The University of California in Irvine recently announced that “a hacking program that records the keystrokes of computer users” was discovered on three computers in one of their facilities, according to an article published on the AllGov California web site. The article indicates that this program lived on workstations at the Student Health Center for “six weeks” and authorities estimate that it “may have captured the personal data of approximately 1,800 students and 23 non-students.”
The article confirmed that the breach was originally reported on May 14 by PHIprivacy.net. In response to the report, J. Patrick Haines, Executive Director of the Student Health Center, notified “potentially affected parties” by letter advising that “the malware was active between February 14 and March 27 and transmitted the data to unauthorized servers outside the UC network”, according to the article.
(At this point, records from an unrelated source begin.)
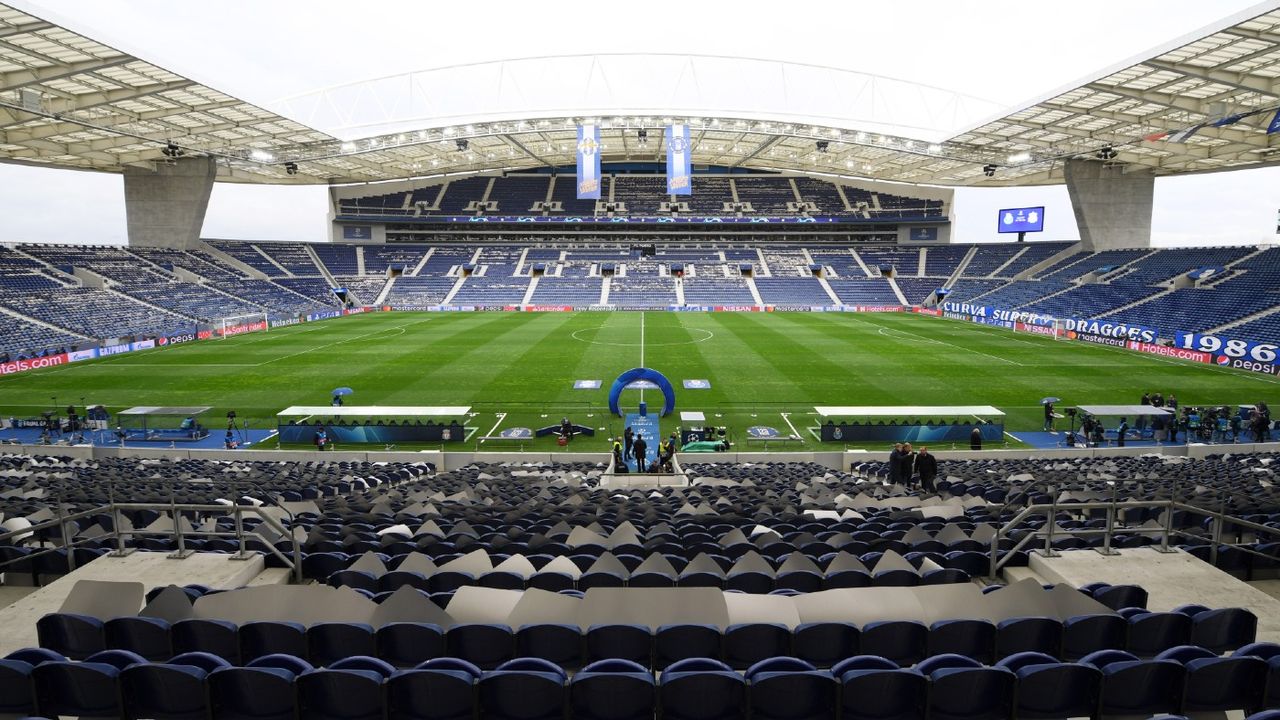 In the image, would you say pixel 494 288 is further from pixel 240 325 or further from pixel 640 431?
pixel 640 431

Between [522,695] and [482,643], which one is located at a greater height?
[522,695]

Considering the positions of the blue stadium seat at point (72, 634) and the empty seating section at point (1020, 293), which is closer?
the blue stadium seat at point (72, 634)

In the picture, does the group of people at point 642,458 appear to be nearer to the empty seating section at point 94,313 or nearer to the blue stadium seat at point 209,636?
the blue stadium seat at point 209,636

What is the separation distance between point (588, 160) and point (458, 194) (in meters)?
55.0

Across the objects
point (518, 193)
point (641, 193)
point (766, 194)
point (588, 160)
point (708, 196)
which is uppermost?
point (641, 193)

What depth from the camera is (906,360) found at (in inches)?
1607

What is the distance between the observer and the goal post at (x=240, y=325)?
54.5 metres

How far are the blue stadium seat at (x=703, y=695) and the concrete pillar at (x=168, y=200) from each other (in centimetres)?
7494

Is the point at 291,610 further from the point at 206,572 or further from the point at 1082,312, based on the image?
the point at 1082,312

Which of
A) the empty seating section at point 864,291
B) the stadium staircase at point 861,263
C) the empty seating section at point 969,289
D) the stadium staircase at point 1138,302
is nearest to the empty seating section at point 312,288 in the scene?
the empty seating section at point 864,291

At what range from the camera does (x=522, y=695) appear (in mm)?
4598

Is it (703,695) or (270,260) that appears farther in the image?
(270,260)

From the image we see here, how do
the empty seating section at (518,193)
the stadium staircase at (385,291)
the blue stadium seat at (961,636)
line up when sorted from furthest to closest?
the empty seating section at (518,193), the stadium staircase at (385,291), the blue stadium seat at (961,636)

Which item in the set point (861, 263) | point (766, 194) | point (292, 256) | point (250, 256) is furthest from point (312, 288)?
point (861, 263) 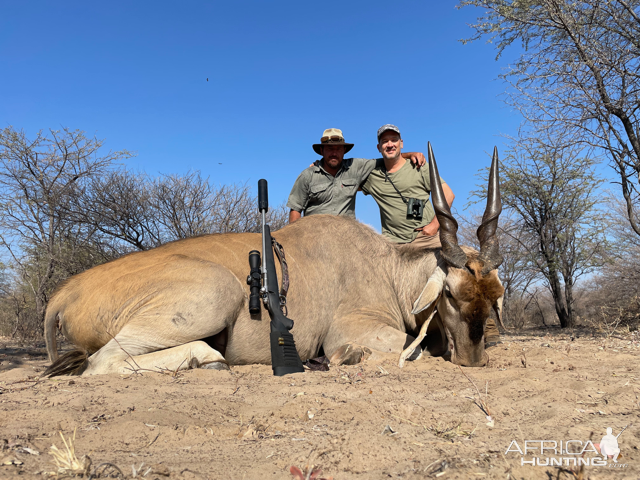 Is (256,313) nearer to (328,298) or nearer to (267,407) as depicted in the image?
(328,298)

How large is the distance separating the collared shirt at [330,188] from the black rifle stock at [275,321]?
148 cm

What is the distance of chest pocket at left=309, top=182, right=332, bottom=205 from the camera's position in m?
5.64

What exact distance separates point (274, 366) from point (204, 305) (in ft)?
2.29

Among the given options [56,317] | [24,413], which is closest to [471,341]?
[24,413]

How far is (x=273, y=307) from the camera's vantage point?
3752 millimetres

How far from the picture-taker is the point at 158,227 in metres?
10.6

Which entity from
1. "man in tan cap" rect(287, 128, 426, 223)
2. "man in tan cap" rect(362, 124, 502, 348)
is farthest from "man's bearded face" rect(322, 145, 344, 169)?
"man in tan cap" rect(362, 124, 502, 348)

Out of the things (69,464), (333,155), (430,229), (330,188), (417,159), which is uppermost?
(333,155)

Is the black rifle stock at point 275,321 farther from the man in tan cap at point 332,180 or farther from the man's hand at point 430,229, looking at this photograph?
the man's hand at point 430,229

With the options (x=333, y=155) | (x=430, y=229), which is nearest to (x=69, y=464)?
(x=430, y=229)

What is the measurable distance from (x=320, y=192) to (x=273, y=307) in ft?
7.40

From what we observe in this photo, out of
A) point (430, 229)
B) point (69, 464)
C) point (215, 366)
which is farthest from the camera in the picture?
point (430, 229)

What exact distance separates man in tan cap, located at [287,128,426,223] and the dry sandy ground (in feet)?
9.47

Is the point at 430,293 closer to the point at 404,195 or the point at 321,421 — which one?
the point at 404,195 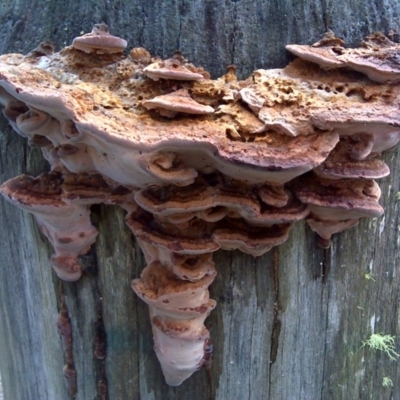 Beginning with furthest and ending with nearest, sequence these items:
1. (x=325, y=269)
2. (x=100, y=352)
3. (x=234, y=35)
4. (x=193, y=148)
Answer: (x=100, y=352) → (x=325, y=269) → (x=234, y=35) → (x=193, y=148)

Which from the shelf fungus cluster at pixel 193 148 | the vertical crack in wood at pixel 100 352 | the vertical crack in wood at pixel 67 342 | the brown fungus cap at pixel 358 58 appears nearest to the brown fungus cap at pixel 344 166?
the shelf fungus cluster at pixel 193 148

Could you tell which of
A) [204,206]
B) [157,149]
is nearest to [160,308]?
[204,206]

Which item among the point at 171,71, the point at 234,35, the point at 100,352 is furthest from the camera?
the point at 100,352

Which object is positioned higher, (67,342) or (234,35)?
(234,35)

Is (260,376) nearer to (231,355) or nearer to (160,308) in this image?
(231,355)

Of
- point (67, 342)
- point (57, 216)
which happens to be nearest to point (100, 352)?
point (67, 342)

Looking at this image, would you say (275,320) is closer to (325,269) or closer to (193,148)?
(325,269) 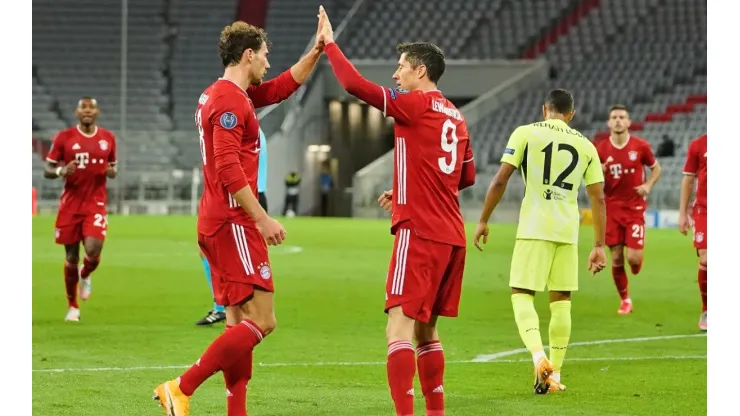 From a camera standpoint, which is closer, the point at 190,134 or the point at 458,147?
the point at 458,147

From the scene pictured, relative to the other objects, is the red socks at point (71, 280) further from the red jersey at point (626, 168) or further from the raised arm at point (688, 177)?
the raised arm at point (688, 177)

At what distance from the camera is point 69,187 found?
11.5 meters

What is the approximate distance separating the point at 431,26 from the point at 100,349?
32.5m

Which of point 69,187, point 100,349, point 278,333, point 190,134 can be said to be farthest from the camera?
point 190,134

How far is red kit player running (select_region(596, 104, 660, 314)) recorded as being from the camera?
1252 centimetres

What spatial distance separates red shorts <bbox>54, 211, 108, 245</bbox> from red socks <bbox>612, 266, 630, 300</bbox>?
5.32 m

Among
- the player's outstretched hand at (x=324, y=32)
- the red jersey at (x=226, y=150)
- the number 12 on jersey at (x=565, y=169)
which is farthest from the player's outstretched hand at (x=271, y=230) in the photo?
the number 12 on jersey at (x=565, y=169)

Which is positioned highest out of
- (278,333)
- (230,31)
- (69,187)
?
(230,31)

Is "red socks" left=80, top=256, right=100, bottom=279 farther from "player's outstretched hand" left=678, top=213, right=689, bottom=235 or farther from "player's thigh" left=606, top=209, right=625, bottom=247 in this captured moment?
"player's outstretched hand" left=678, top=213, right=689, bottom=235

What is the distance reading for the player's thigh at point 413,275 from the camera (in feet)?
19.1

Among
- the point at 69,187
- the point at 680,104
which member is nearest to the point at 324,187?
the point at 680,104

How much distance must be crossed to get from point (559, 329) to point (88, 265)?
231 inches

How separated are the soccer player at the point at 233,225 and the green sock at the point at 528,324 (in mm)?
2122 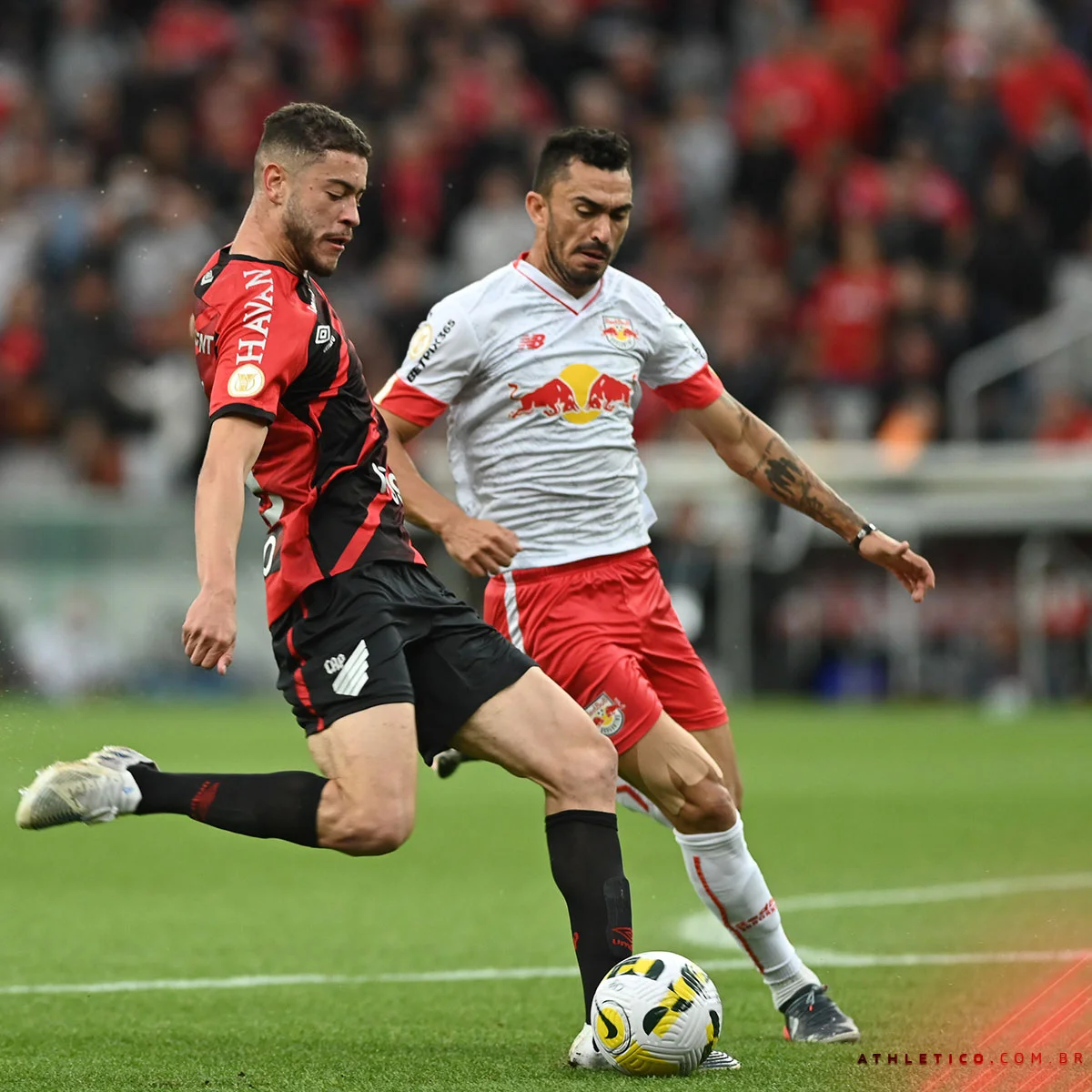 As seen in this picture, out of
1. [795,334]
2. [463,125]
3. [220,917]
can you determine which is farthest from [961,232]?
[220,917]

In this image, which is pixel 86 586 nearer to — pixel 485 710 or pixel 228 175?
pixel 228 175

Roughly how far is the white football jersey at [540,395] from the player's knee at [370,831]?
1.29m

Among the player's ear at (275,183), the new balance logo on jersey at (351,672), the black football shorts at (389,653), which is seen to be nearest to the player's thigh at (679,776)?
the black football shorts at (389,653)

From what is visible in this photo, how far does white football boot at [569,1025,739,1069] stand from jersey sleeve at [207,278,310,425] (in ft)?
5.55

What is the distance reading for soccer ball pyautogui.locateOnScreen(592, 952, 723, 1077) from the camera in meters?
4.91

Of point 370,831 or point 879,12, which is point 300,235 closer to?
point 370,831

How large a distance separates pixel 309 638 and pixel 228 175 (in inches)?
595

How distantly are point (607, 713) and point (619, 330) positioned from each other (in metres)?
1.18

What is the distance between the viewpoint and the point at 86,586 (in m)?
17.3

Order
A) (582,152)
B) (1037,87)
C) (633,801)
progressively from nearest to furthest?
1. (582,152)
2. (633,801)
3. (1037,87)

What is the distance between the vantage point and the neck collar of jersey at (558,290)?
614 cm

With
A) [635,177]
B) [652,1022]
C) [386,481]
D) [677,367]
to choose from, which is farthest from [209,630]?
[635,177]

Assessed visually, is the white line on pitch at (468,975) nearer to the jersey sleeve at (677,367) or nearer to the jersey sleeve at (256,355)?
the jersey sleeve at (677,367)

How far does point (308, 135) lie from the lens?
5.14 m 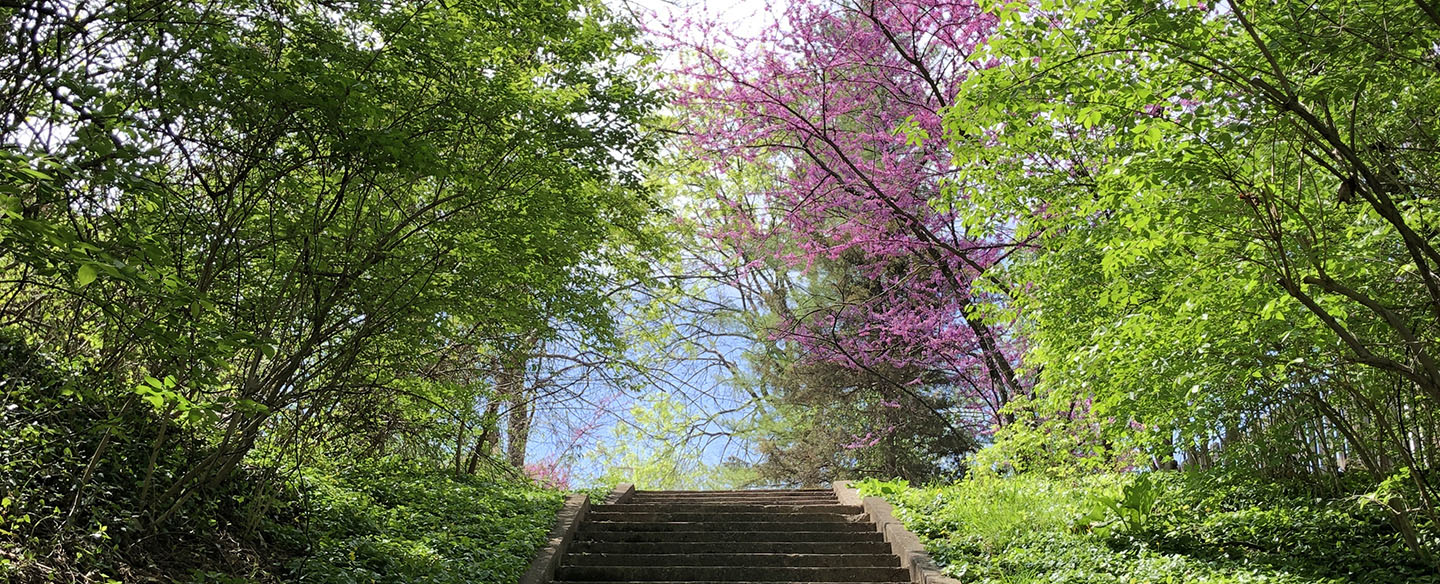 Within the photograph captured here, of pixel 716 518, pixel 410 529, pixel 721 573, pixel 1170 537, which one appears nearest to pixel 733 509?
pixel 716 518

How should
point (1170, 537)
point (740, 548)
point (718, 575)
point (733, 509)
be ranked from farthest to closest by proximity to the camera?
point (733, 509), point (740, 548), point (718, 575), point (1170, 537)

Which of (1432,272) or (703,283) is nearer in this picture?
(1432,272)

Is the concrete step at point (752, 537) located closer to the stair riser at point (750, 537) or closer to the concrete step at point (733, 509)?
the stair riser at point (750, 537)

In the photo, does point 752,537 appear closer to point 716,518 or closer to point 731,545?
point 731,545

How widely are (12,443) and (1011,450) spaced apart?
297 inches

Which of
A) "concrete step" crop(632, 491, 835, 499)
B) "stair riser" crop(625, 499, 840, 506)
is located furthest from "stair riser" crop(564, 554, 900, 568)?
"concrete step" crop(632, 491, 835, 499)

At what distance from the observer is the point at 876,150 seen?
39.1 ft

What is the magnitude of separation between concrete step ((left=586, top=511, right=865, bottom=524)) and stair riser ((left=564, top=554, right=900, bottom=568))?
1565mm

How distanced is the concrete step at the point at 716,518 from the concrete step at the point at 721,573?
1946mm

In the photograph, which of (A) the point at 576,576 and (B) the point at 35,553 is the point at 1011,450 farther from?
(B) the point at 35,553

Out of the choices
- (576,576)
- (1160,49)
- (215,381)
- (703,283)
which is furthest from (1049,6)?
(703,283)

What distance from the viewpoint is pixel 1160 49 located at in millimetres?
4359

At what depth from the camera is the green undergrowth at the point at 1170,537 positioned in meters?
5.68

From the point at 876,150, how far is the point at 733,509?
5.07 metres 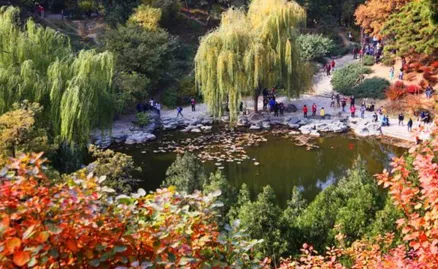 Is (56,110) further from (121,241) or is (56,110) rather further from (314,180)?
(121,241)

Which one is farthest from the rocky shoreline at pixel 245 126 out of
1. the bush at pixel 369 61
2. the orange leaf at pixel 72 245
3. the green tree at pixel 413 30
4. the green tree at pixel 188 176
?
the orange leaf at pixel 72 245

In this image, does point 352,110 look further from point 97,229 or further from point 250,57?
point 97,229

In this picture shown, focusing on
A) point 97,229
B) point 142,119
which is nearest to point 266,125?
point 142,119

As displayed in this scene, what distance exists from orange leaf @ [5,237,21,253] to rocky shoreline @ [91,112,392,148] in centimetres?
1804

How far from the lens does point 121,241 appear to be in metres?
3.12

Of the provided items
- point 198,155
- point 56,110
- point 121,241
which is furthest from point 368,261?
point 198,155

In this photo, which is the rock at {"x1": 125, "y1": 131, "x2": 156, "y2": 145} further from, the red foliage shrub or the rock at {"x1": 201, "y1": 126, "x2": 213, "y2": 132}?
the red foliage shrub

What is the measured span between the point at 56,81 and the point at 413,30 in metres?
17.7

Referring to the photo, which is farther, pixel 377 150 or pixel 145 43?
pixel 145 43

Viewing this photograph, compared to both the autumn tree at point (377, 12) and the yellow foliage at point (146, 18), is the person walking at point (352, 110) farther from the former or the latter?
the yellow foliage at point (146, 18)

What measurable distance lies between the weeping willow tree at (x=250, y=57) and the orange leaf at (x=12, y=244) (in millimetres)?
19184

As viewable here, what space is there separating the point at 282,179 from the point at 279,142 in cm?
379

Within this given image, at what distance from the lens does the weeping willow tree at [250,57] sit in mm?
21594

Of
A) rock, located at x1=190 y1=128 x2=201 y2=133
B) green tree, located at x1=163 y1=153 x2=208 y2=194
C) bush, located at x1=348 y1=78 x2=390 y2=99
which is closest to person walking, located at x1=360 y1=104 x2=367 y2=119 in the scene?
bush, located at x1=348 y1=78 x2=390 y2=99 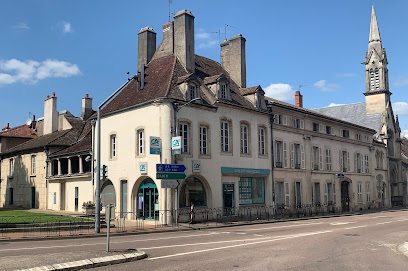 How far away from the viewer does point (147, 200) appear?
27.7 meters

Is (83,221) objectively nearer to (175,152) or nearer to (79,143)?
(175,152)

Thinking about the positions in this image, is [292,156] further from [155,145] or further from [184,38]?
[155,145]

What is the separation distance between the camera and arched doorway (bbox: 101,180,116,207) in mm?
30481

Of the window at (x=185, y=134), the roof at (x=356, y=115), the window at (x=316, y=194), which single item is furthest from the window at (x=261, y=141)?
the roof at (x=356, y=115)

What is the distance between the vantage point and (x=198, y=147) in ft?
92.2

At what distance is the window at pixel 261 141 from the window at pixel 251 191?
226 cm

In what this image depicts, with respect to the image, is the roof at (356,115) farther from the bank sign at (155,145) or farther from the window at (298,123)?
→ the bank sign at (155,145)

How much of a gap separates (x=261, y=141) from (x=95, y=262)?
23918 mm

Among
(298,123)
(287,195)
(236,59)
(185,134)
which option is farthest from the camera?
(298,123)

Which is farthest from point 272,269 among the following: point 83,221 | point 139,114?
point 139,114


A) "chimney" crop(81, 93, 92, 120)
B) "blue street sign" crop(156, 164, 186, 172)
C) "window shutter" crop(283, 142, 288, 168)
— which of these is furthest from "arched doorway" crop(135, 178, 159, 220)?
"chimney" crop(81, 93, 92, 120)

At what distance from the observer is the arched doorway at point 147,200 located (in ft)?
88.4

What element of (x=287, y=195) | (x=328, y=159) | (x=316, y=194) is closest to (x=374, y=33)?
(x=328, y=159)

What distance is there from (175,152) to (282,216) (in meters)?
12.7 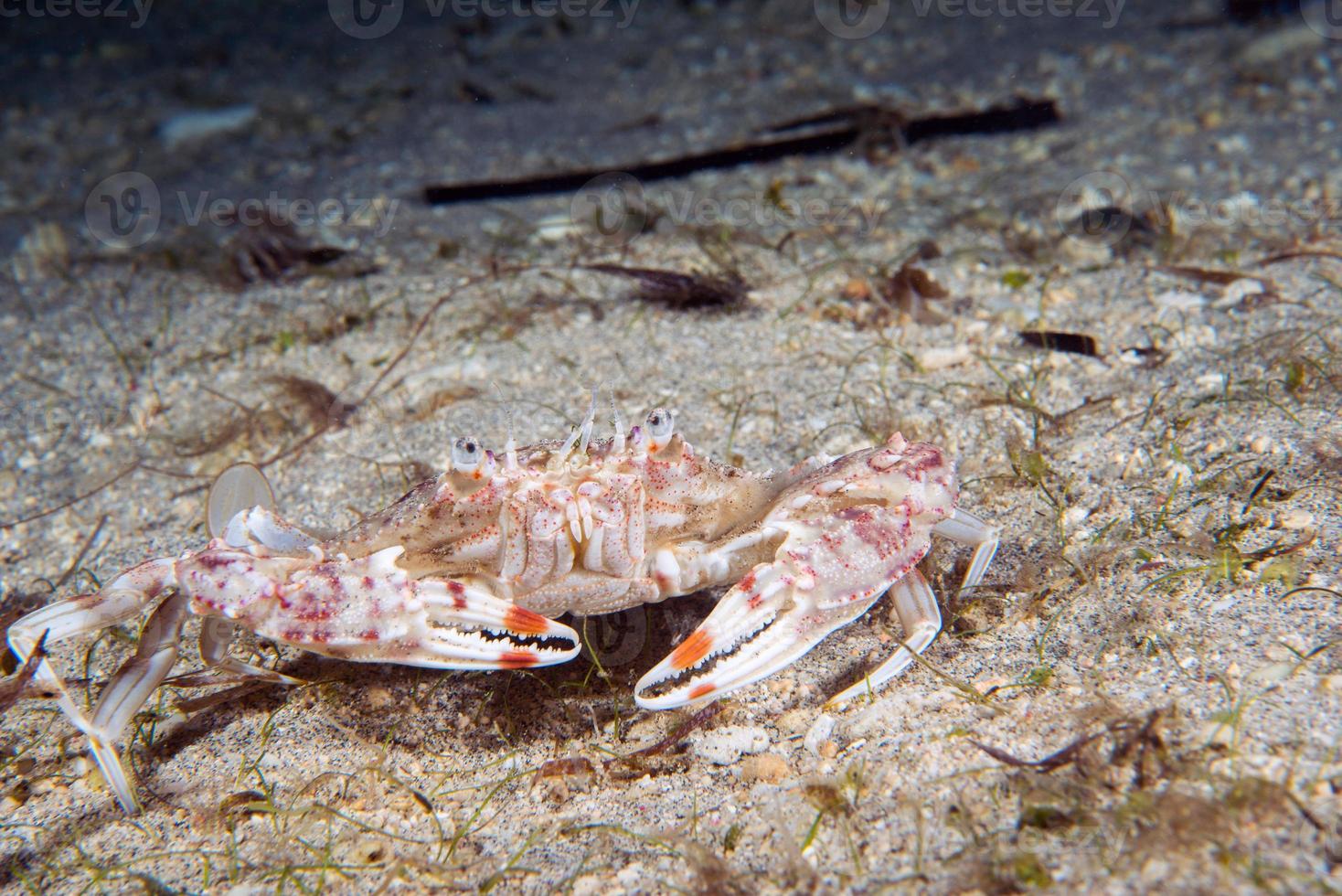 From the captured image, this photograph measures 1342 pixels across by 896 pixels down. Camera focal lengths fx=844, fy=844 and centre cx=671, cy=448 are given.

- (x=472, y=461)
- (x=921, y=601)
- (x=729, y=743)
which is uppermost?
(x=472, y=461)

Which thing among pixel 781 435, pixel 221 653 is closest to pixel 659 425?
pixel 781 435

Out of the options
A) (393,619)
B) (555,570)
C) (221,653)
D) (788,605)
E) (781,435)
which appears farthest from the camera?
(781,435)

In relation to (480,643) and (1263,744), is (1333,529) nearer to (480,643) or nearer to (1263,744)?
(1263,744)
Those notified were advised, according to the article, that the compromised information may include “names, unencrypted medical information, student ID numbers, non-student patient ID numbers, mailing addresses, telephone numbers, amounts paid for health center services, and bank and check information for aforementioned expenditures.”
According to the article, the center director stated, “We have no indication that the data have been fraudulently used” but noted that the university had been notified by the California Information Security Office in the California Department of Technology (CDT) regarding the breach on March 27 but gave “no explanation how they became involved.” University authorities could not confirm specifically what type of “keylogger” was used in this attack or if any “employee system login credentials” were compromised during the event, according to the article. Confirmation of these details would be helpful to accurately gauge the effect of this event and allow authorities to measure its possible aftermath.